Ursodeoxycholic acid (UDCA) is a bile acid of industrial interest as it is used as an agent for the treatment of primary sclerosing cholangitis and the medicamentous, non-surgical dissolution of gallstones. Currently, it is prepared industrially from cholic acid following a seven-step chemical procedure with an overall yield of <30%. In this study, we investigated the key enzymatic steps in the chemo-enzymatic preparation of UDCA-the two-step reduction of Dehydrocholic acid (DHCA) to 12-keto-ursodeoxycholic acid using a mutant of 7β-hydroxysteroid dehydrogenase (7β-HSDH) from Collinsella aerofaciens and 3α-hydroxysteroid dehydrogenase (3α-HSDH) from Comamonas testosteroni.
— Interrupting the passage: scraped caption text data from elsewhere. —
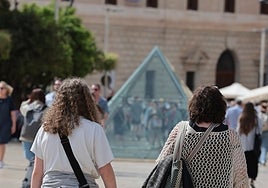 Turistas se dirigen hacia su alojamiento en la capital malagueña.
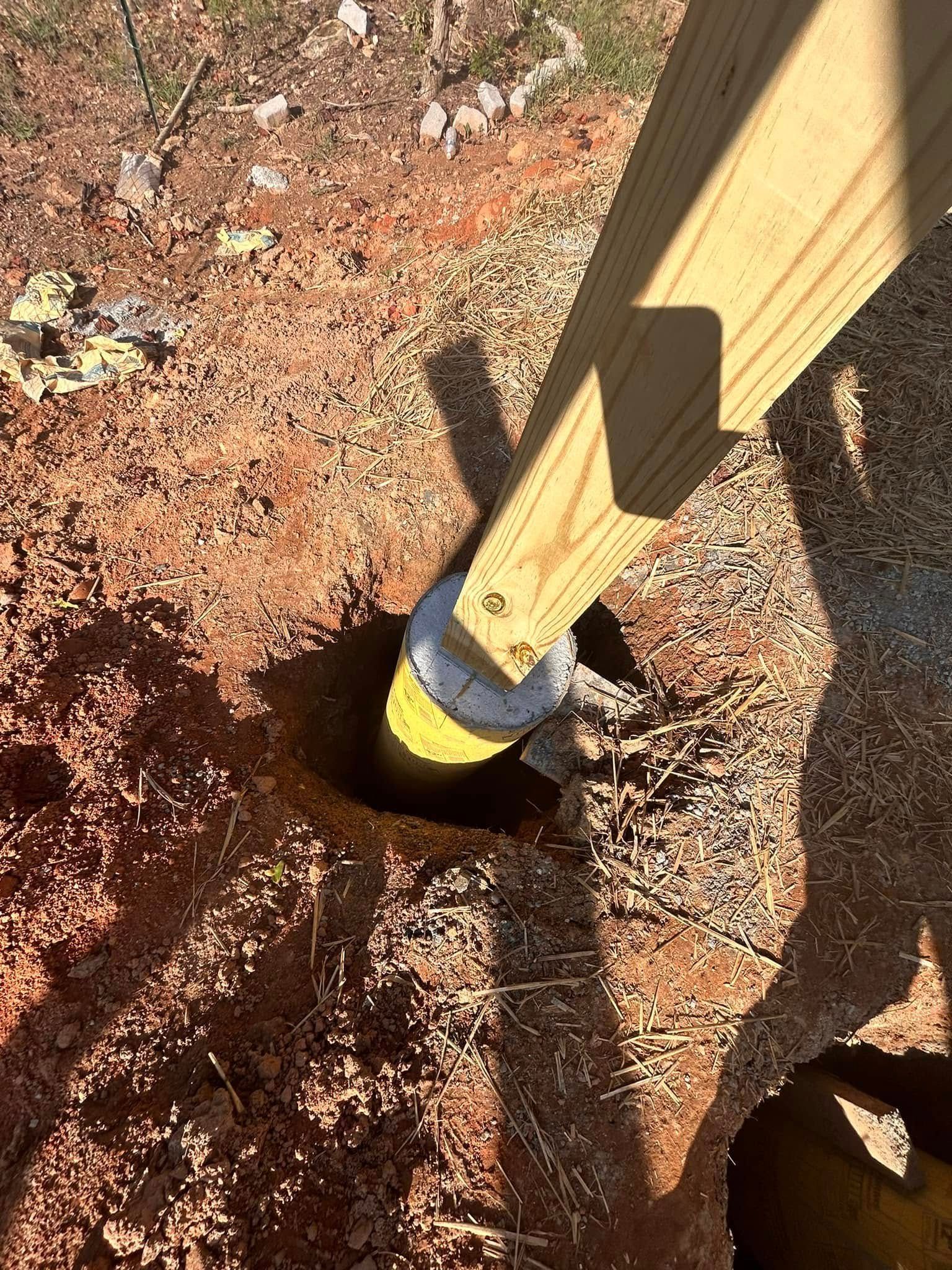 Wooden fence post set in freshly dug soil with a yellow protective sleeve at the base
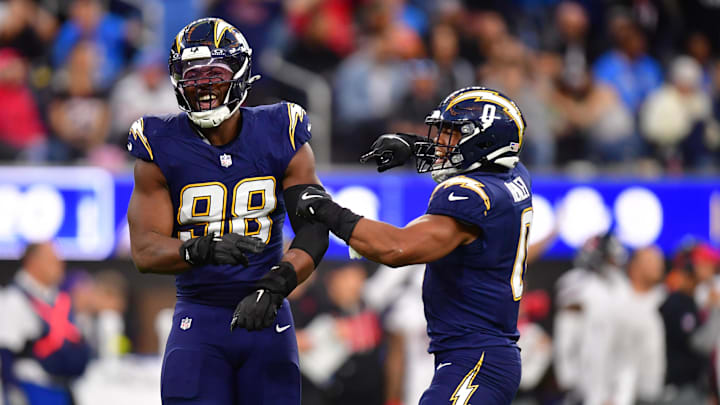 Dec 27, 2025; Inglewood, California, USA;  Los Angeles Chargers linebacker Odafe Oweh (98) and linebacker Daiyan Henley (0) react after a defensive play against the Houston Texans during the second half at SoFi Stadium. Mandatory Credit: Gary A. Vasquez-Imagn Images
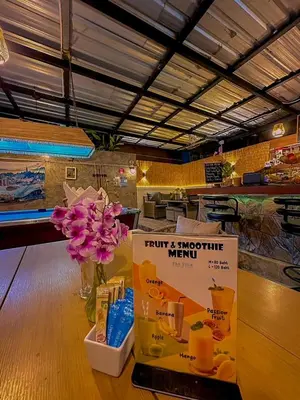 a counter with a vase of flowers and a sign at The Villa Residences Resort in Patong Beach
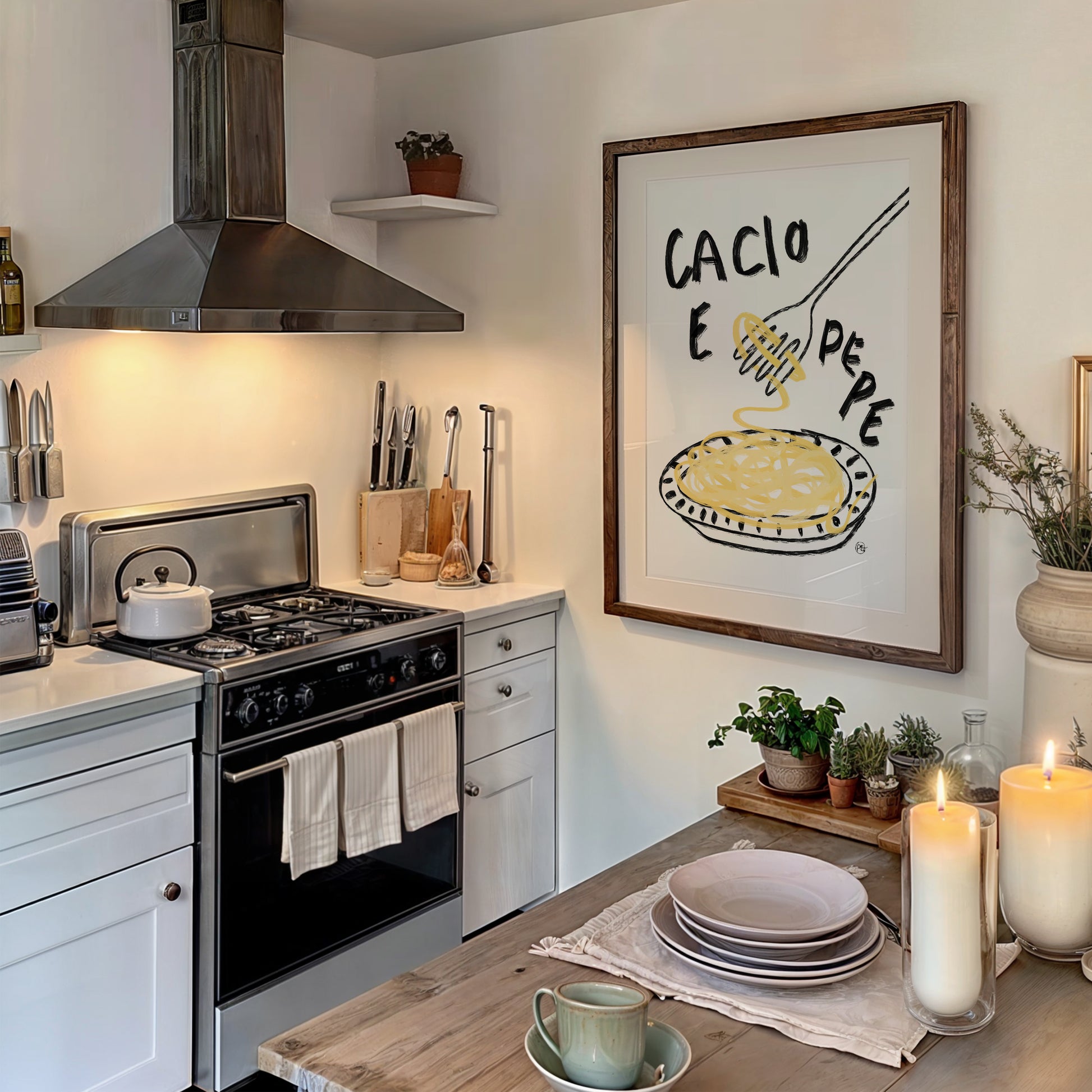 Kitchen with stove, utensils, and a framed cacio e pepe pasta print on the wall.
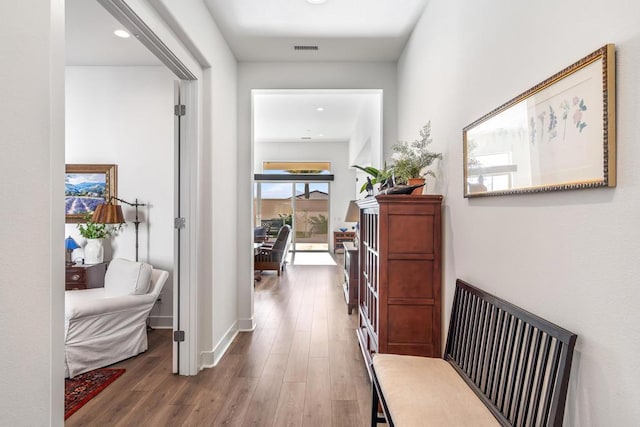 corridor featuring dark hardwood / wood-style floors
Three different one-pot reaction approaches were investigated using whole-cell biocatalysts in simple batch processes. We applied one-biocatalyst systems, where 3α-HSDH, 7β-HSDH, and either a mutant of formate dehydrogenase (FDH) from Mycobacterium vaccae N10 or a glucose dehydrogenase (GDH) from Bacillus subtilis were expressed in a Escherichia coli BL21(DE3) based host strain. We also investigated two-biocatalyst systems, where 3α-HSDH and 7β-HSDH were expressed separately together with FDH enzymes for cofactor regeneration in two distinct E. coli hosts that were simultaneously applied in the one-pot reaction. The best result was achieved by the one-biocatalyst system with GDH for cofactor regeneration, which was able to completely convert 100 mM DHCA to >99.5 mM 12-keto-UDCA within 4.5 h in a simple batch process on a liter scale.